Work to be completed: Reproduce the data in full, exactly as given, leaving images out.
Study material: Begin
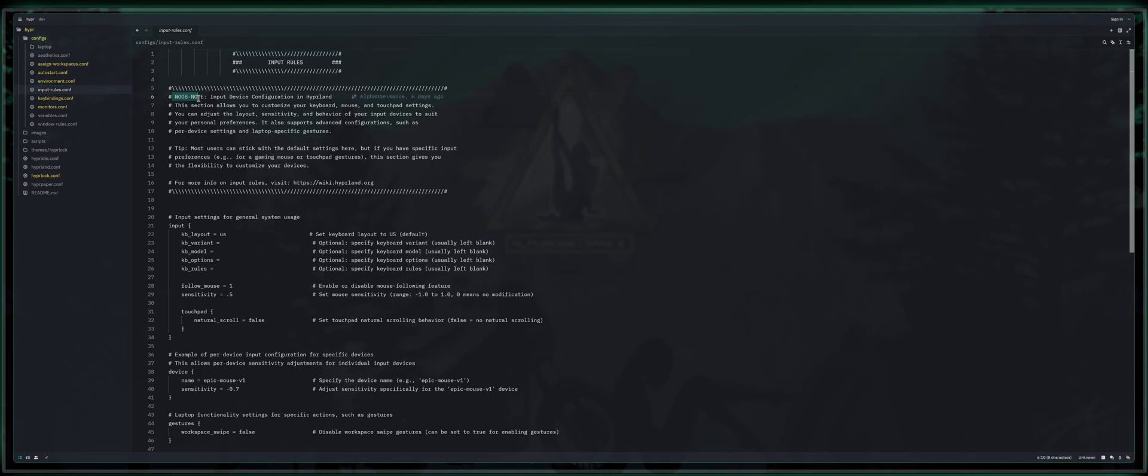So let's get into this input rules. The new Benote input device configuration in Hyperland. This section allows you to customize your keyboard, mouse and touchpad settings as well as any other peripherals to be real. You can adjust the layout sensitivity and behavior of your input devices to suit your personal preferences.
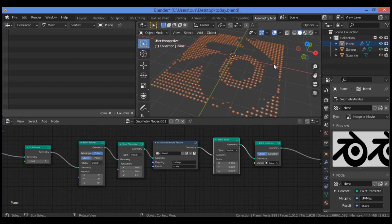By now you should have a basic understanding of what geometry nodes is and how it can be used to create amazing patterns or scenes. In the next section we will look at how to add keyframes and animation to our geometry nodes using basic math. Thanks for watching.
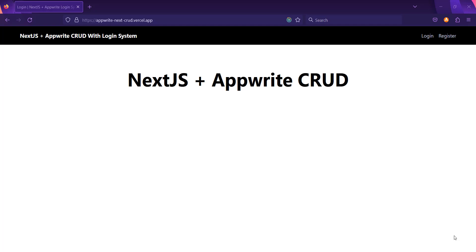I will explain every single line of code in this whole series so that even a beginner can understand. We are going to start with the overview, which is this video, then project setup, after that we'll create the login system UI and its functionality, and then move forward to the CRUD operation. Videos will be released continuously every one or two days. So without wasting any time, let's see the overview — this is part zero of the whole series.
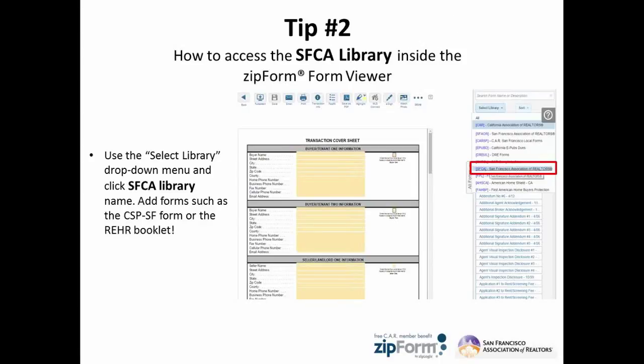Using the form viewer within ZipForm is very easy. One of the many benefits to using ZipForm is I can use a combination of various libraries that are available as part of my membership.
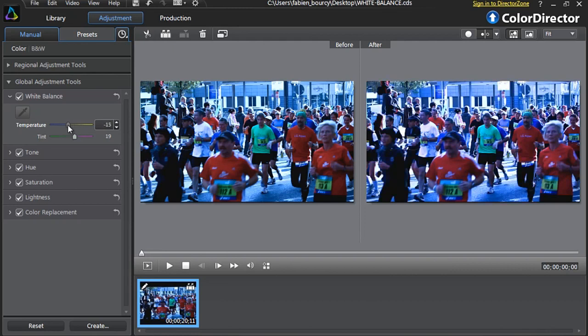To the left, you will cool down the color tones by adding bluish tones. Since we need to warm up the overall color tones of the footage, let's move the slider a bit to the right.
Study material: End
Expected answer:
So let's get into this input rules. The new Benote input device configuration in Hyperland. This section allows you to customize your keyboard, mouse and touchpad settings as well as any other peripherals to be real. You can adjust the layout sensitivity and behavior of your input devices to suit your personal preferences.
By now you should have a basic understanding of what geometry nodes is and how it can be used to create amazing patterns or scenes. In the next section we will look at how to add keyframes and animation to our geometry nodes using basic math. Thanks for watching.
I will explain every single line of code in this whole series so that even a beginner can understand. We are going to start with the overview, which is this video, then project setup, after that we'll create the login system UI and its functionality, and then move forward to the CRUD operation. Videos will be released continuously every one or two days. So without wasting any time, let's see the overview — this is part zero of the whole series.
Using the form viewer within ZipForm is very easy. One of the many benefits to using ZipForm is I can use a combination of various libraries that are available as part of my membership.
To the left, you will cool down the color tones by adding bluish tones. Since we need to warm up the overall color tones of the footage, let's move the slider a bit to the right.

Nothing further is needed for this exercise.